The Three Faces of A08

The three threat classes differ in where the integrity failure happens but converge on one defensive pattern: every artifact crossing into the trust zone is cryptographically verified, with verification gating the trust decision rather than running as a logging-only check.

Three faces of OWASP A08 — insecure deserialization at runtime, supply chain compromise at build time, CI/CD pipeline tampering at deploy time — sharing one root cause: implicit trust without cryptographic verification. — **Figure:** A08 has three faces — runtime deserialization, build-time supply chain compromise, deploy-time pipeline tampering — all collapsing into one root cause: implicit trust at a boundary that was never enforced by a cryptographic check.

Insecure deserialization is the runtime face. The application receives serialized data — network, queue, cookie, upload, session store — and the deserialization library converts bytes into an in-memory object graph. The conversion is not passive parsing; serializers execute constructors, type hooks, or magic methods, and an attacker controlling the bytes chooses which classes get instantiated and which methods get invoked.

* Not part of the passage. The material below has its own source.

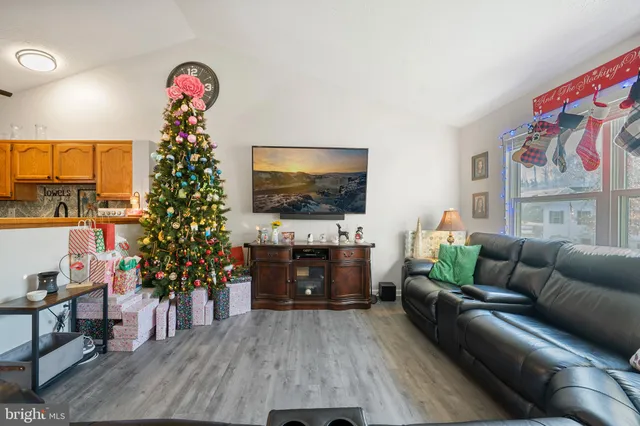 $425,000 | 6585 11th Street, Chesapeake Beach, MD 20732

The worst case is RCE from a single call. The fix is structural — never deserialize untrusted data with a format that supports arbitrary type instantiation.

Software supply chain compromise is the build-time face. The source is clean, the developers are trustworthy, the review worked. The compromise happens upstream — a transitive npm dependency, a backdoored base image, a build plugin that exfiltrates secrets, a vendor product shipping malicious updates. The threat model never considered the upstream because it was implicitly trusted. This dimension overlaps heavily with our SCA software composition analysis guide.

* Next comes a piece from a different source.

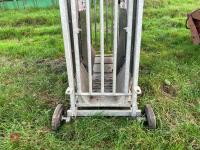 BATEMAN GALVANISED WEIGH CRATE - 8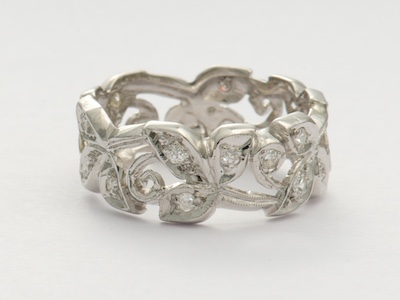 Retro Leaf and Scroll Wedding Band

CI/CD pipeline tampering is the deploy-time face. The source is clean, the dependencies are clean, the deployed artifacts are not. The compromise happens inside the pipeline — a runner with a vulnerable plugin, a cached layer with an injected backdoor, a deployment credential exfiltrated from a misconfigured workflow, a branch protection bypass. The artifacts the pipeline produces are not what the source describes. This is the dimension DevSecOps teams own most directly.

Insecure Deserialization Deep-Dive

Every major language ecosystem ships at least one serialization format that conflates data with code. The format was designed when the threat model was a single trusted application reading its own state from disk; a decade later it gets used for cross-network communication, and the original threat model no longer holds. The pattern is the same in Java, Python, .NET, PHP, and Ruby; only the API names change.

Java ObjectInputStream is the most documented case. A call to readObject() on attacker-controlled bytes can instantiate any class on the classpath and invoke its readObject, readResolve, or finalize methods. The Apache Commons Collections gadget chain demonstrated that side effects across a graph of innocuous-looking objects compose into arbitrary code execution:

// Vulnerable
ObjectInputStream ois = new ObjectInputStream(request.getInputStream());
SessionState state = (SessionState) ois.readObject();

// Safer: JSON into a fixed schema
ObjectMapper mapper = new ObjectMapper();
mapper.deactivateDefaultTyping();
SessionState state = mapper.readValue(
    request.getInputStream(), SessionState.class);

Jackson with default typing disabled, Gson, or Protobuf produce a value of a fixed declared type. The deserializer never instantiates a type the developer did not declare; the gadget-chain surface disappears.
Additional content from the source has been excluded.